Выходя из кухни, я обернулся и выразительно посмотрел на брата. Выглядел он неважно. Волновался. Да вдобавок и не спал всю ночь. Всё это обеспечивало ему неподдельно больной вид.
Мы с Мариной прошли в большую комнату. За окном шёл густой снег, большими хлопьями - самое то, чтобы играть в снежки и лепить снеговиков. Кактус стоял на подоконнике, в самом дальнем углу от двери, за которой была прихожая, в которой высилась табуретка, на которой лежала сумочка.
– Выглядит совершенно здоровым, - сказала моя потенциальная невестка, рассматривая зелёный шарик с иголками.
– Спасибо! У меня прямо от сердца отлегло. А то мне казалось, что ему совсем плохо. Вот-вот помрёт. Теперь я понимаю, что это ложная тревога. Обознался. Наверное, под воздействием бронхита. Кстати, видите вон ту картину?
– Да. Кажется, рисовал ребёнок.
– Мой брат. В три года, - рисунок мы общими силами сваяли вчера.
– Вскоре после этого он понял, что изобразительное творчество - не его стезя, и решил всецело сосредоточиться на внутреннем росте.
– В самом деле?
– Да. Благодаря этой кропотливой работе над собою Пётр теперь представляет целое соцветие достоинств, которые, возможно, не сразу бросаются в глаза. Он самоотвержен, бескорыстен, и... вы заметили, как ловко он вплетает в свою речь архаизмы? Язык его изобилует метафорами и свободен от лишних местоимений...
Марина улыбнулась и я поймал себя на мысли, что мама могла бы позаботиться о своём старшем сыне пораньше, чем о младшем.
– Очень трогательно, что вы так относитесь к брату, - сказала красавица.
– Ну да, ведь он...
– под марининым взглядом мысли начали путаться у меня в голове.
– Он ведь писатель.
– Правда? И хорошо пишет?
– Ну так...
– дипломатично заметил я.
– Фантастика, знаете ли. Я в ней не слишком разбираюсь.
– Надо же, а я как раз люблю фантастику. Не помню, правда, встречалась ли мне на книжных полках фамилия Петра, сейчас так много книг издают, что...

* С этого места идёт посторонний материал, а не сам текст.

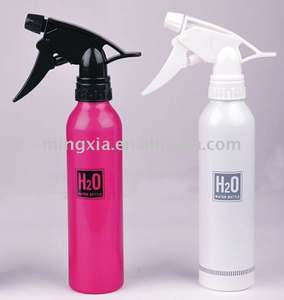 Botella <span class=keywords><strong>de</strong></span> 500 ml para Cosméticos Negros, con Pulverizador, Cabezal <span class=keywords><strong>de</strong></span> Bomba y Boquilla, Botella <span class=keywords><strong>de</strong></span> Spray para Aceite Capilar - Product Image 2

– Он пишет под псевдонимом. И публикуется пока, по большей части, в интернете. Там он известен как Хорн Витопрядов.
– Хорн? Ну надо же!
Тут она разразилась тирадой, из которой я понял, что они, оказывается, заочно знакомы уже два года, Марина в этой среде носит ник "Доброцвет", и однажды на конкурсе, когда все поносили её первый рассказ, только Хорн вступился за неё, противостав полчищам сетевых хамов.
– ...невероятное совпадение!
– заключила она.
– Это судьба, - вставил я.
– Надо рассказать Хорну, - и Марина стремительно пошла, почти побежала на кухню. Я поспешил следом.